INSTRUCTIONS TO FOLLOW:
An exact retyping of all lines below is the answer; pictures do not belong in it.

Records excerpted from a collection:
===
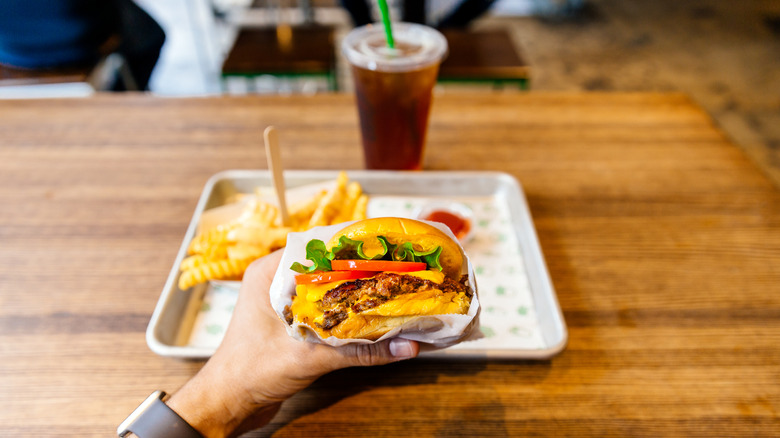 A hand holding a burger with veggies with crinkle-cut fries on a tray in the background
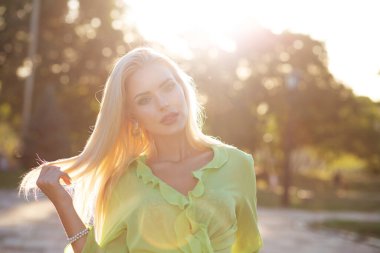 Gün batımında yürüyen uzun saçlı zarif bir kadının yakın plan sokak portresi. Tex için boşluk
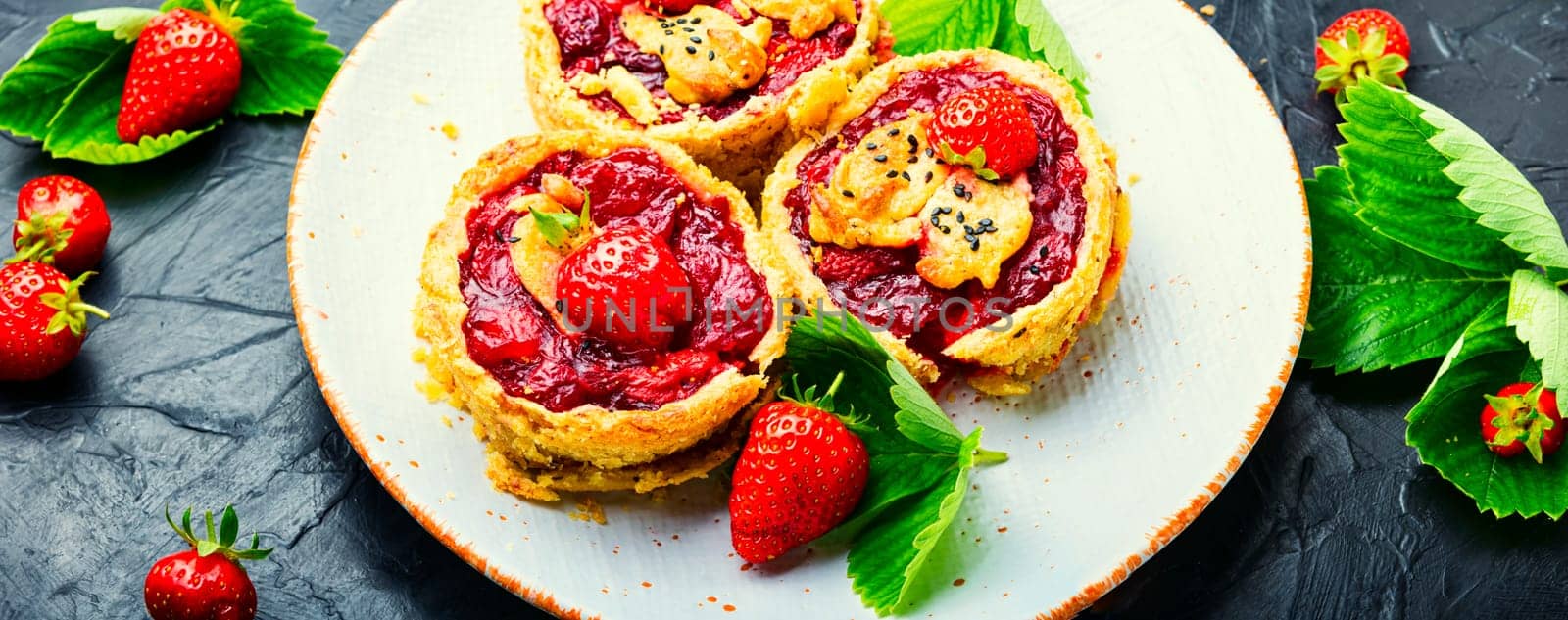 Strawberry shortcake pies on the plate.Tasty tartlets with fresh strawberries.Sweet dessert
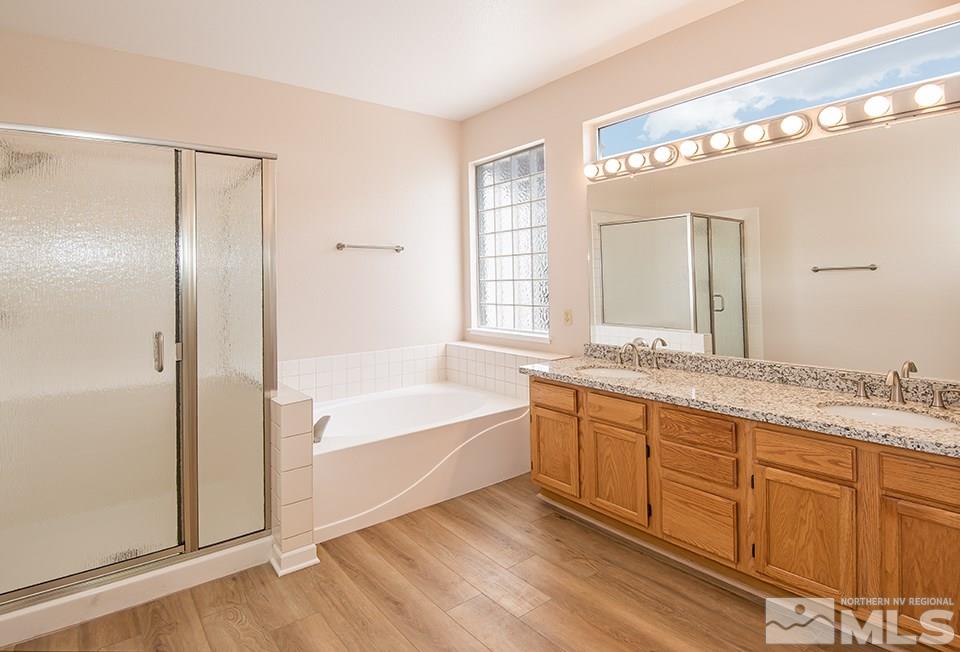 245 Falling Water Court Reno, NV 89519 - Photo 13 of 20 a spacious bathroom with a tub sink and mirror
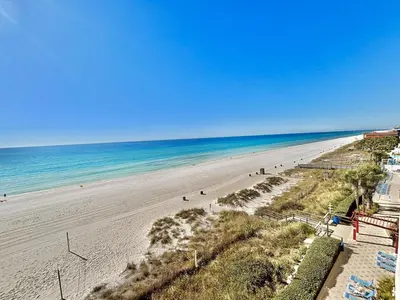 an overhead view of a beach with people on it at Beachfront Studio with Bunks Sleeps 4 at Majestic! in Panama City Beach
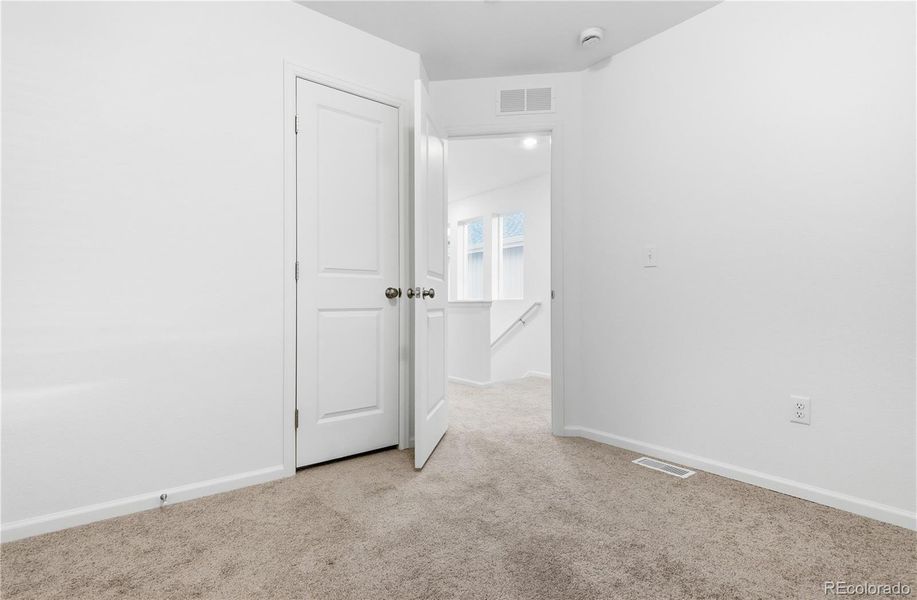 Spacious, unfurnished interior of a new home in Reunion, Commerce City (Image 18).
===
SOLUTION FOR THIS TASK:
 A hand holding a burger with veggies with crinkle-cut fries on a tray in the background
 Gün batımında yürüyen uzun saçlı zarif bir kadının yakın plan sokak portresi. Tex için boşluk
 Strawberry shortcake pies on the plate.Tasty tartlets with fresh strawberries.Sweet dessert
 245 Falling Water Court Reno, NV 89519 - Photo 13 of 20 a spacious bathroom with a tub sink and mirror
 an overhead view of a beach with people on it at Beachfront Studio with Bunks Sleeps 4 at Majestic! in Panama City Beach
 Spacious, unfurnished interior of a new home in Reunion, Commerce City (Image 18).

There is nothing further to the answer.